Introduction to Air Quality Prediction
In recent years, air pollution has become a daily reality for millions of people around the globe. From smog-filled cities to alarming health advisories, poor air quality affects how we live, breathe, and move. But what if we could predict tomorrow’s Air Quality Index (AQI) just like we predict the weather — and take action before the air turns toxic? That’s where machine learning steps in.
Why Predict Air Quality?
Air pollution isn’t just an inconvenience — it’s a health crisis. According to the WHO, it’s responsible for nearly 7 million premature deaths each year. High AQI levels are associated with asthma attacks, respiratory diseases, cardiovascular issues, and even cognitive decline. If we can predict AQI accurately, communities can receive early warnings, urban planners can design smarter, cleaner cities, and individuals can decide when it’s safe to go for a jog or send kids to play outside.
Can Machine Learning Help?
The million-dollar question is: Can machine learning help us predict air quality in time to protect our health? Let’s find out. We will be using the Air Quality in India dataset from Kaggle, which tracks pollutant levels and AQI values across Indian cities from 2015 to 2020.
Dataset Overview
The dataset contains daily air quality data from major cities across India, collected between 2015 and 2020. It includes concentrations of various pollutants, meteorological parameters, and calculated AQI values. We will be using the city_day.csv file, which contains daily air quality data per city.
Our Approach: Classical ML vs Ensemble Learning
We will walk through a complete ML workflow using Python to forecast AQI, comparing two models: Linear Regression and Random Forest Regressor. Linear Regression is simple, fast, and interpretable, while Random Forest Regressor is powerful, robust, and accurate.
Step 1: Loading the Data
We’re using the Air Quality in India dataset from Kaggle. This dataset includes measurements for PM2.5, PM10, NO₂, CO, and other major pollutants.
Step 2: Cleaning Things Up
Like most real-world data, this one’s a bit messy. So, let’s tidy it up by dropping rows with missing target values, converting the date column to datetime format, and filling missing values with the median.
Model Evaluation
We will evaluate the performance of both models using metrics such as Mean Squared Error (MSE), Root Mean Squared Error (RMSE), and R2 Score.

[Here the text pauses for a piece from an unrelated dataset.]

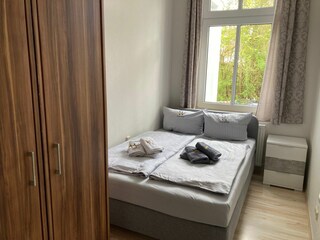 Apartamento de vacaciones Wangerooge Características 13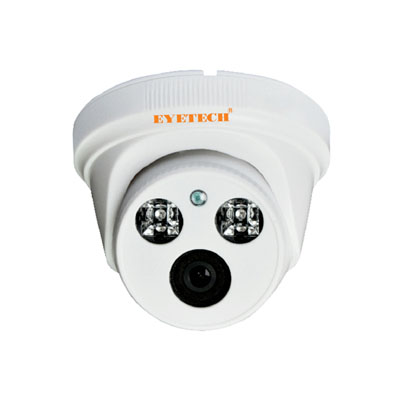 Camera eyetech IP ET-2709IP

Comparative Analysis: Linear Regression vs Random Forest
We will compare the performance of both models and discuss when to use each. Linear Regression is suitable for small, clean datasets where interpretability is important, while Random Forest is suitable for large, complex datasets where accuracy is paramount.
When to Use What?
Choose Linear Regression if you want interpretable results, your dataset is small or clean, and you want a fast, lightweight model. Choose Random Forest if you need high accuracy, your data has non-linear relationships, and you’re okay with a black-box approach.
Conclusion
Machine learning isn’t just about numbers on a screen — it’s about unlocking insights that can change lives. By harnessing environmental data, we’re not only predicting air quality — we’re empowering people to act before it becomes dangerous. Whether it’s helping parents decide if it’s safe for their kids to play outside or aiding city planners in reducing pollution hotspots, every insight brings us one step closer to healthier communities.
FAQs
- Q: What is Air Quality Index (AQI)?
A: Air Quality Index (AQI) is a measure of the level of air pollution in a given area. - Q: How can machine learning help predict air quality?
A: Machine learning can help predict air quality by analyzing historical data and identifying patterns and relationships between pollutant levels and meteorological parameters. - Q: What are the benefits of predicting air quality?
A: Predicting air quality can help communities receive early warnings, urban planners design smarter, cleaner cities, and individuals decide when it’s safe to go for a jog or send kids to play outside. - Q: What is the difference between Linear Regression and Random Forest Regressor?
A: Linear Regression is a simple, fast, and interpretable model, while Random Forest Regressor is a powerful, robust, and accurate model that can handle non-linear relationships and complex datasets.